- Decades:: 1190s; 1200s; 1210s; 1220s; 1230s;
- See also:: History of France; Timeline of French history; List of years in France;

= 1212 in France =

Events from the year 1212 in France

== Incumbents ==

- Monarch - Philip II

== Events ==

- January -
  - Ferdinand, Count of Flanders and Joan, Countess of Flanders are captured by Joan's first cousin prince Louis VIII of France, eldest son of King Philip II of France and Joan's aunt Isabella. Louis' aim is to acquire his dead mother's dowry, a large piece of Flemish territory including Artois, which Joan's father had taken back by force after Isabella's death.
  - Prince Louis VIII of France captures the town of Saint-Omer.
  - Prince Louis VIII of France captures the town of Aire-sur-la-Lys.
- February 25 - The Treaty of Pont-à-Vendin is signed at Pont-à-Vendin between king Philip II of France and Ferdinand, Count of Flanders and Joan, Countess of Flanders. The treaty cedes the two captured towns of Saint-Omer and Aire-sur-la-Lys to France.
- May 4 - The Treaty of Lambeth (also called Treaty of Kingston) is signed by King John of England and several French counts, including Renaud I of Dammartin and Boulogne and Ferdinand of Flanders.
- June - The Children's Crusade: The 12-year-old Stephen of Cloyes leads a group across France to Vendôme. Attracting a following of over 30,000 adults and children. On the orders of Philip II, advised by the University of Paris, the people were implored to return home. Philip himself did not appear impressed, especially since his unexpected visitors were led by a mere child, and refused to take them seriously.
- Late June - Stephen of Cloyes led his largely juvenile Crusaders from Vendôme to Marseille. They survived by begging for food, while the vast majority seem to have been disheartened by the hardship of this journey and returned to their families. Two French merchants (Hugh the Iron and William of Posqueres) offered to take them by boat to Palestine.
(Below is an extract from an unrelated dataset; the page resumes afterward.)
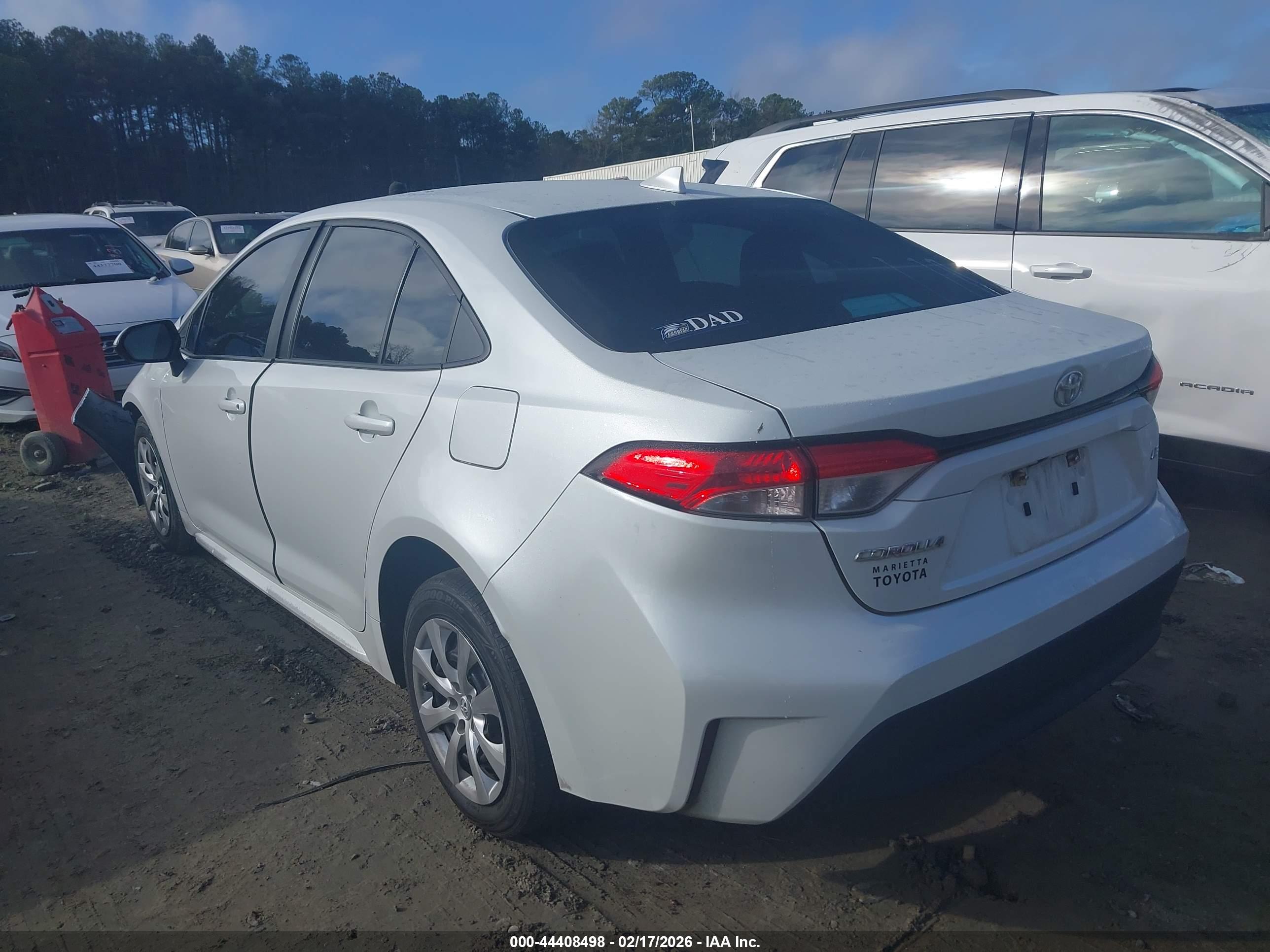 TOYOTA COROLLA image 3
They were then taken to Tunisia instead of Palestine, where they were sold into slavery by the merchants.

=== Date unknown ===

- Bertran de Gourdon writes two coblas on doing homage to Philip II of France
- Fontenelle Abbey, a Cistercian nunnery in Maing, Nord, France, is founded as a small oratory by two sisters Agnes and Jeanne, daughters of Hélin, seigneur d'Aulnoy.

== Births ==

=== Date unknown ===
- Yolande of Dreux, French noblewoman (d. 1248)

== Deaths ==

- October 13 or October 14 - Baldwin of Béthune, French nobleman and knight
- November 4 - Saint Felix of Valois, French hermit and a co-founder of the Trinitarian Order. (b. 1127)

=== Date unknown ===

- Robert of Auxerre, French chronicler and writer (c. 1156)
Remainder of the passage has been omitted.